Concerning the Canadian economy, the current federal government is committed to two complimentary policy objectives – growth through innovation, and lower carbon emissions.
But governments have surprisingly few levers with which to achieve their objectives. They can regulate, they can spend, they can procure, and they can tax.
Regulation is often heavy handed and cumbersome for the market, spending needs to be administered by a bureaucracy and is often inefficient and expensive, and procurement typically works only when there is a product to procure but rarely, in the absence of other factors, drives innovation. So we are left with tax policy as the most powerful instrument.
In terms of the bioeconomy’s contribution to a low carbon agenda, some argue that a combination of the above measures is needed. But truthfully, if we are trying to be simultaneously cost effective, unobtrusive, and market oriented, the most efficient instrument for stimulating an innovative low carbon economy is a revenue neutral, and bottom-line consequential, carbon tax.  

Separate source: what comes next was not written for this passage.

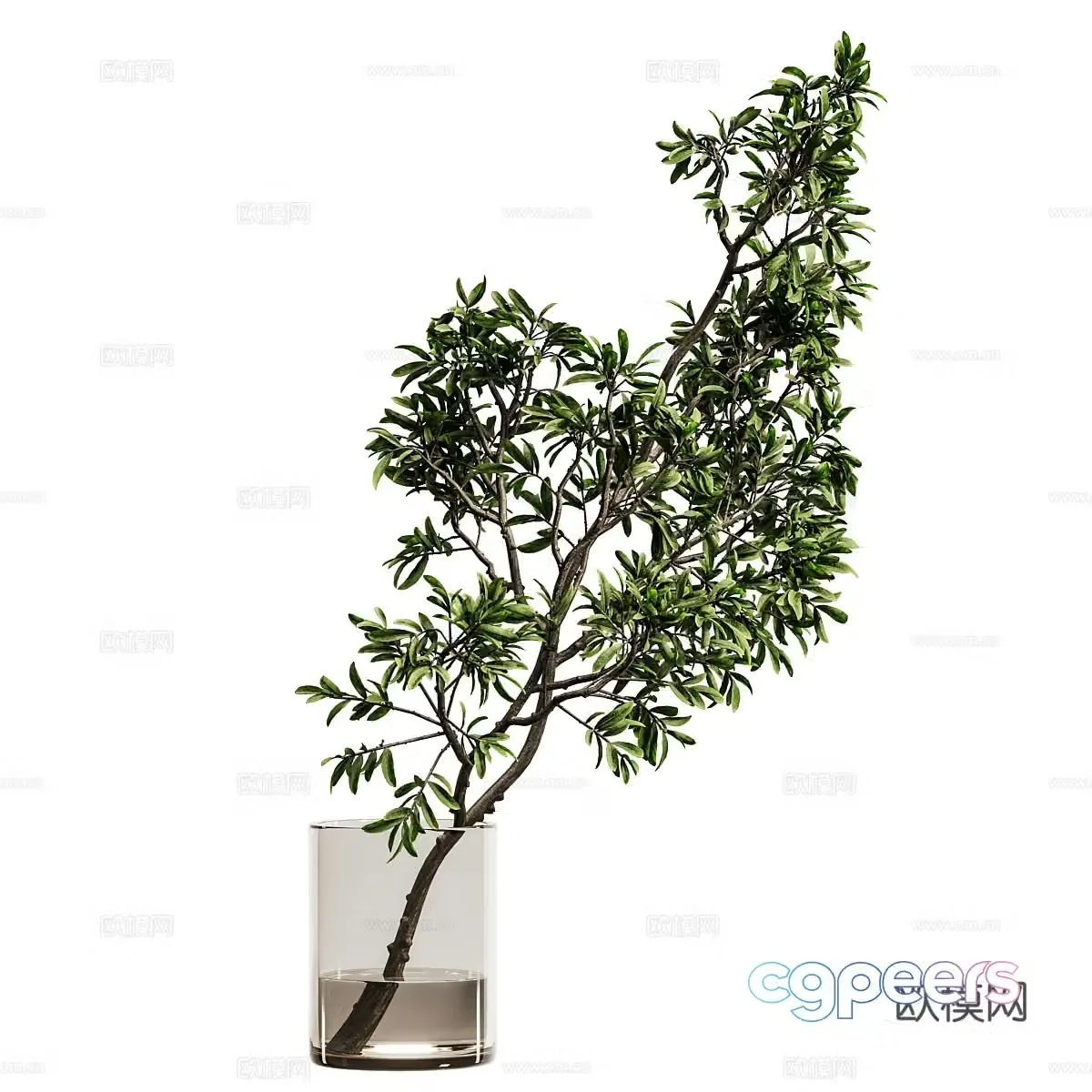 Modern vase flower art 3d model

It is price that drives substitution. And if generating carbon through the production and use of hydro carbons is sufficiently financially painful , then taxed entities will innovate away from hydrocarbons toward low carbon chemicals and materials made from carbohydrates.

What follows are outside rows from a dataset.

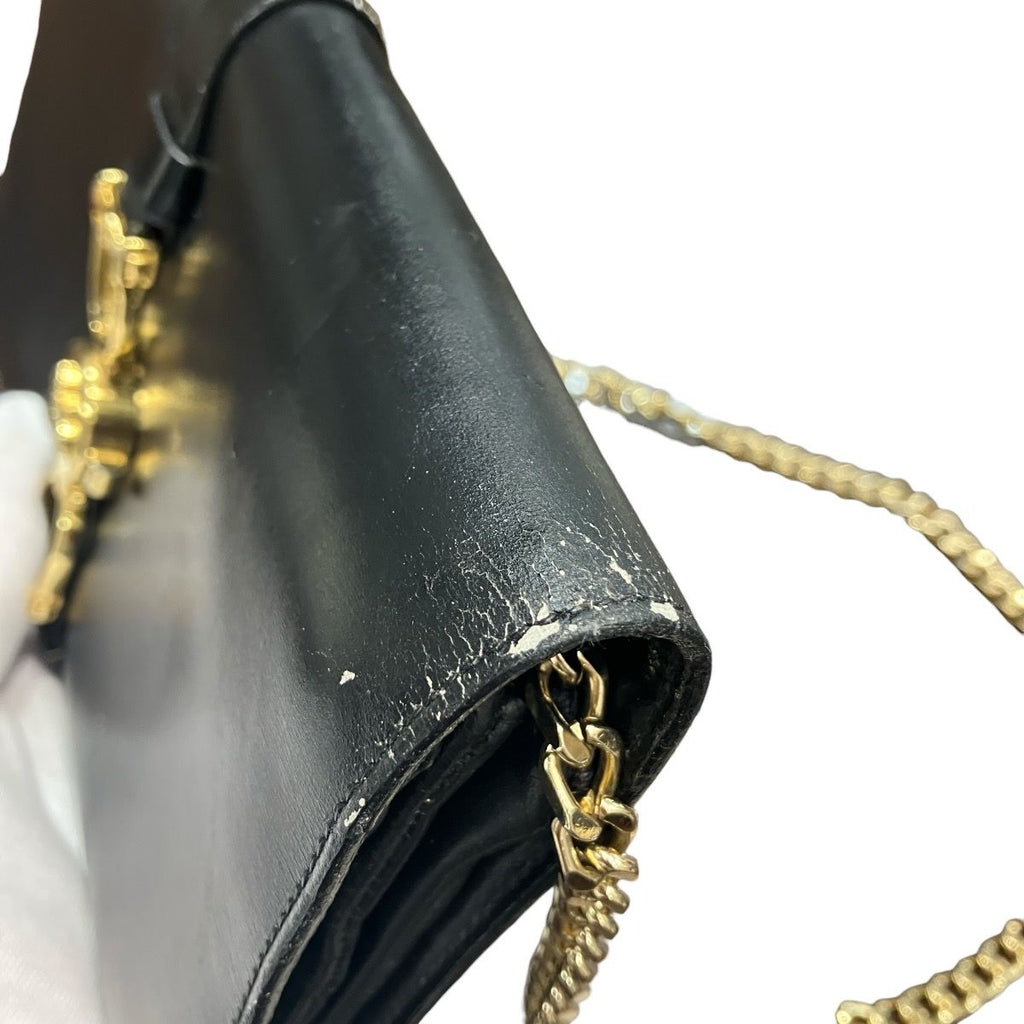 Celine Vintage Carriage Chain Shoulder Bag Leather — view 8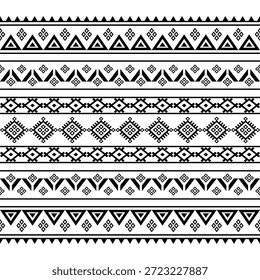 Patrón nativo del suroeste sin fisuras étnico tribal azteca geométrica Navajo Tela nativa americana Vector de diseño en blanco y negro para la impresión textil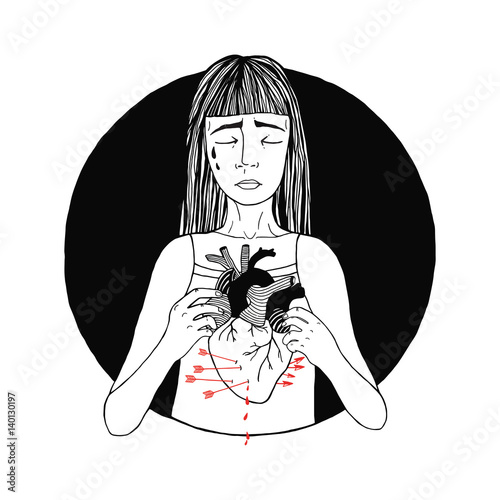 Sad And Suffering Girl Loss Of Love Women Broken Heart Concept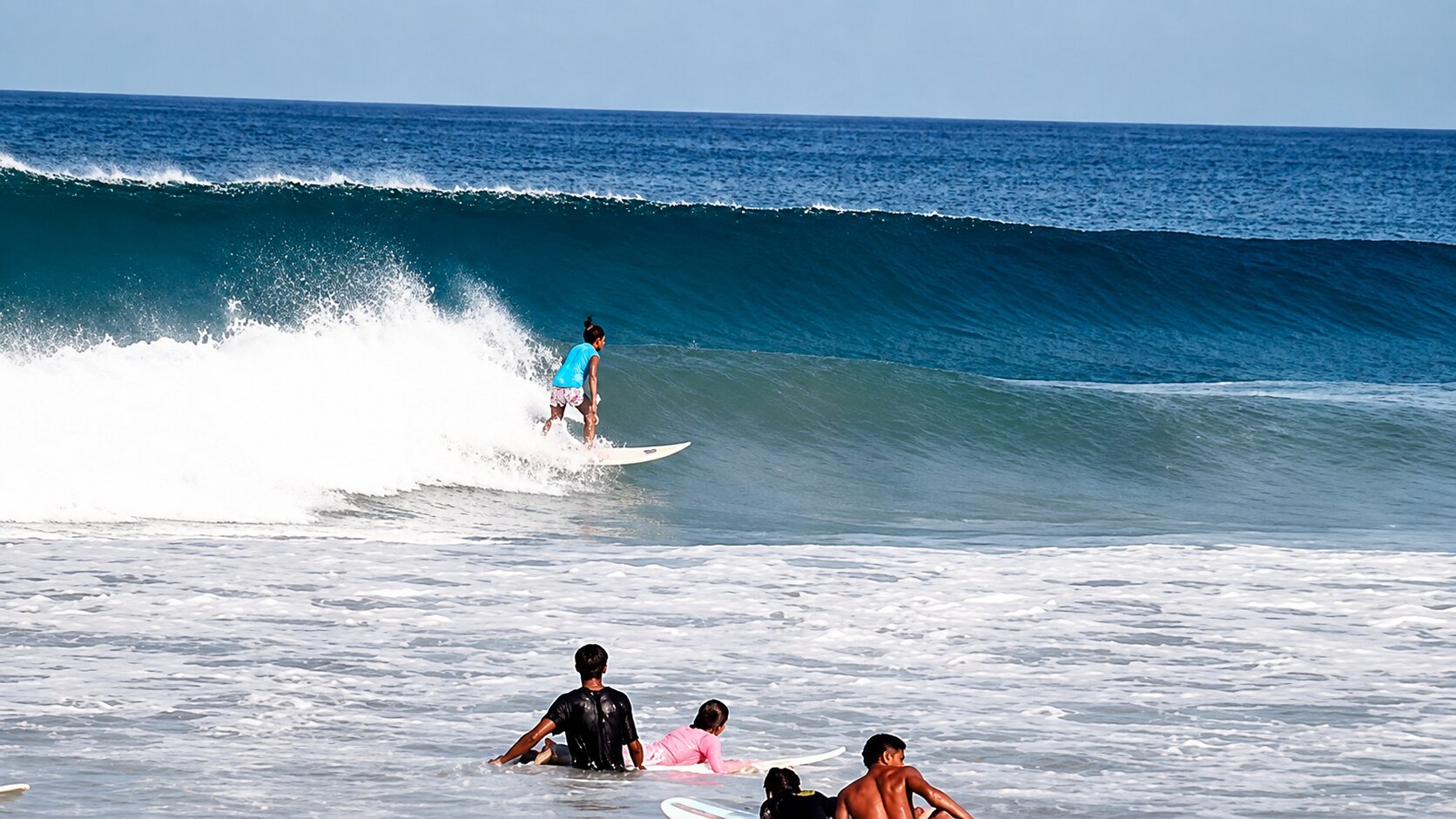 Surfers waiting in the lineup at San Felipe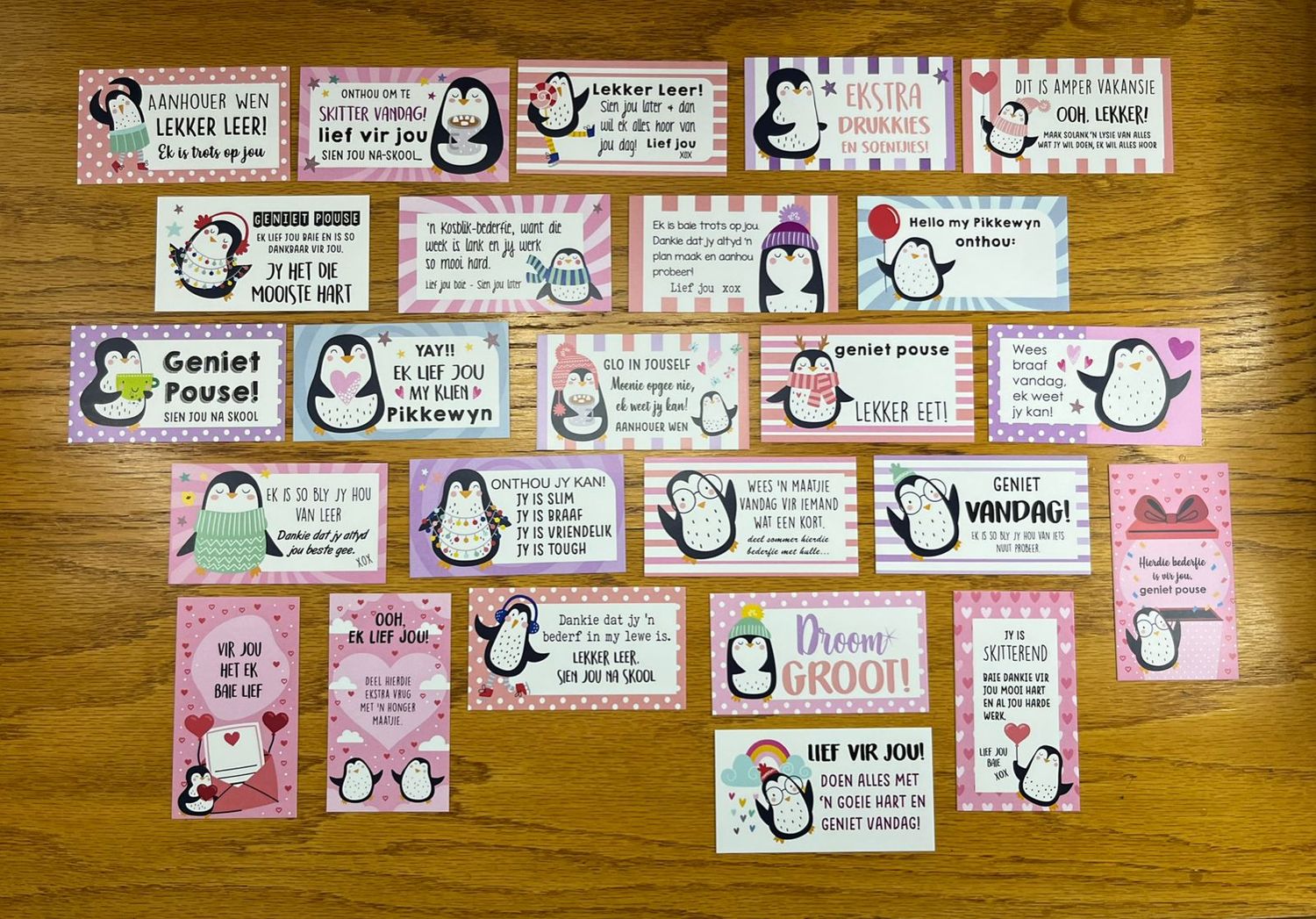 Penguins Pikkewyn Theme Afrikaans Lunchbox Note Cards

The higher the price of carbon, the faster the innovation transition will take place. Private sector board rooms around the world will be answering to shareholders whose return on investment will suffer if carbon is taxed. Said shareholders will flee to those entities that are innovating to avoid the tax. Innovation laggards will fail.
But since certainty is the mother of investment, the tax cannot be transitory, or subject to lobbying by entrenched interests. Hence the need for revenue neutrality. The purpose of the carbon tax is not to generate additional revenue for governments. It is to create innovative, low carbon manufacturing that ensures we meet our Paris climate commitment. So carbon tax revenues need to be transparently collected, and then returned to the citizenry in the form of reduced income taxes. In this equation, even a carbon tax starting at $120/tonne can be politically saleable, and will ensure the tax is in place for the long term. In its absence, companies won’t innovate and scale up because of fear of stranded assets.
The OECD’s Bioeconomy to 2030 report estimates that by 2025-30, the world’s bioeconomy market will be worth between US$2.6 and $5.8 trillion. With 9% of the world’s forests (over 700 million acres), and 160 million acres of farmland, Canada is well endowed with biomass. We could be a global leader in this emerging innovation bioeconomy market.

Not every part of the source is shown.